Romero Lopes - Eu realmente li esta reportagem na Carta Capital. Não tenho elementos para confirmar ou discordar. Mas, aliado às minhas respostas nesta entrevista a sua pergunta é uma afirmação. Estamos sim. E precisamos sair dela o mais urgente possível, para resgatarmos nossa dignidade, quer como cidadão quer como instituição.  

Jornal de Domingo - Como se acaba com a impunidade, que é um clamor popular justo?    

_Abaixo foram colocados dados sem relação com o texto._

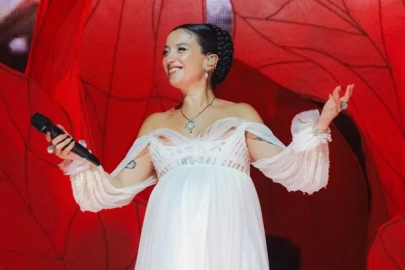 Melike Şahin Harbiye'de unutulmaz gece binlerce müzikseverle buluştu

Romero Lopes - Justíssimo, eu diria. Acaba-se a impunidade com inquéritos bem feitos, sem uso de prova ilícita que apenas agrada a mídia e provoca comoção na população; com denúncias alicerçadas em evidências plausíveis, em ações criminais realizadas com ampla defesa e o devido processo legal. Finalmente, com obediência aos mandamentos constitucionais que protegem os cidadãos dos arcanos do poder. Esta promiscuidade que se estabeleceu entre a mídia e as garantias fundamentais dos cidadãos dão incerteza quanto aos limites do que é legal e do que não é.

Jornal de Domingo - Também das ruas, a justiça solta com muita facilidade? 

Romero Lopes - Eu diria que é exatamente o contrário. Às vezes tenho notado que a mídia exerce uma influência muito grande e a forma raivosa com que ela dá uma notícia pode predispor o magistrado a ser mais duro do que a realidade. Os presídios estão superlotados e todos esses mandados dos quais estamos falando foram autorizados pela justiça. Agora, hoje em dia não é só a liberdade que é o bem mais precioso do indivíduo, que está em pauta de discussão.  Pior do que perdê-la é ser mandado para uma cadeia que não somente priva o cidadão de sua existência, mas retira também o seu caráter, sua dignidade e sua honra, transformando um ser humano em um animal. Não digo que cadeia não seja para todos, pois muitos até mesmo a merecem. Mas, daí a acreditar que ela corrige, que ela conserta, é um erro tão medonho quanto mandar alguém que não mereça estar lá.   

Jornal de Domingo - Como será sua atuação no Tribunal de Justiça?  

Romero Lopes - Não sei, pois somente o tempo dirá, farei o melhor que puder.